Author: Justice After All (正义之师)
Date: 08 May 2020
A history and philosophy professor from Harbin Normal University, Linqi Yu, is accused of spreading unclear “inappropriate social media posts” by CCP. Ironically, the actual “posts” have been filtered out by CCP’s cyber police, along with any comments that might remotely hint opposing views of the punitive actions exerted on him.
This is not an isolated incident. Beijing has ratcheted up internet censorship to further deprive the populace of the freedom of speech. As a matter of fact, CCP has long been pushing this “internet sovereignty” globally and it is encroaching our right entitled by First Amendment. Dary Morey, general manager of the Houston Rockets, tweeted about supporting Hong Kong’s pro-democracy protest; in retaliation, CCTV (CCP state-run television) has not broadcast any NBA games since last October.

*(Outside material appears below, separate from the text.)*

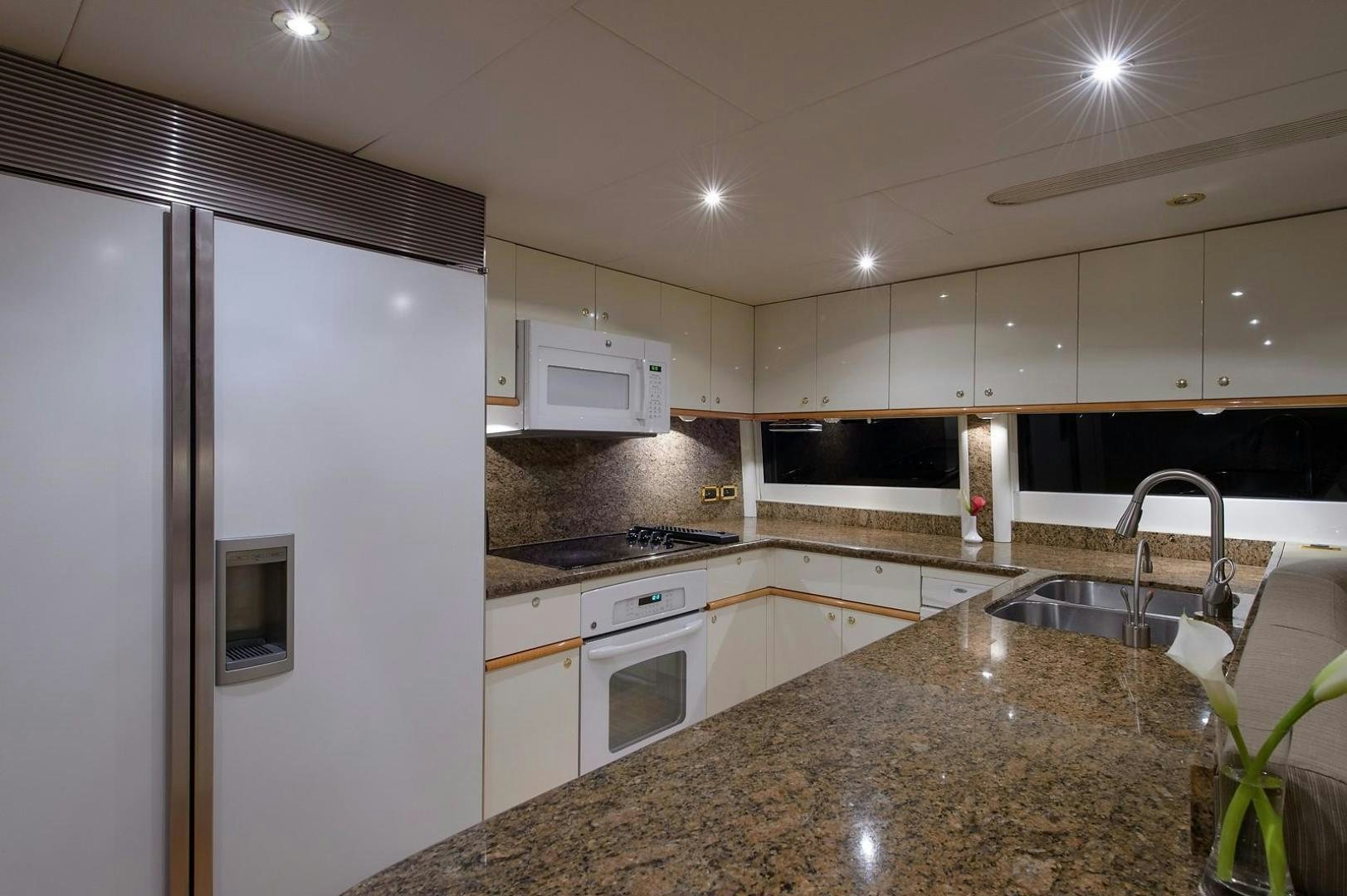 a kitchen with white cabinets aboard BIG WAVE Yacht for Sale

Popular search engines and social media platforms are unambiguously off limits in China, such as Google, YouTube, Facebook, and Twitter. Twitter, however, profits by facilitating Beijing to build a propaganda machine overseas. It has trained CCP officials to amplify messages and allowed paid ads from CCP’s state media (recent policy change due to criticism and legal pressure). Increasing number of Chinese officials, diplomats, media and government agencies are using Twitter to push CCP’s agenda abroad.
With 88 percent of the world’s internet users, China was ranked 177 out of 180 countries in the 2020 worldwide Index of Press Freedom by Reporters without Borders, followed by Eritrea, Turkmenistan and North Korea as the last three.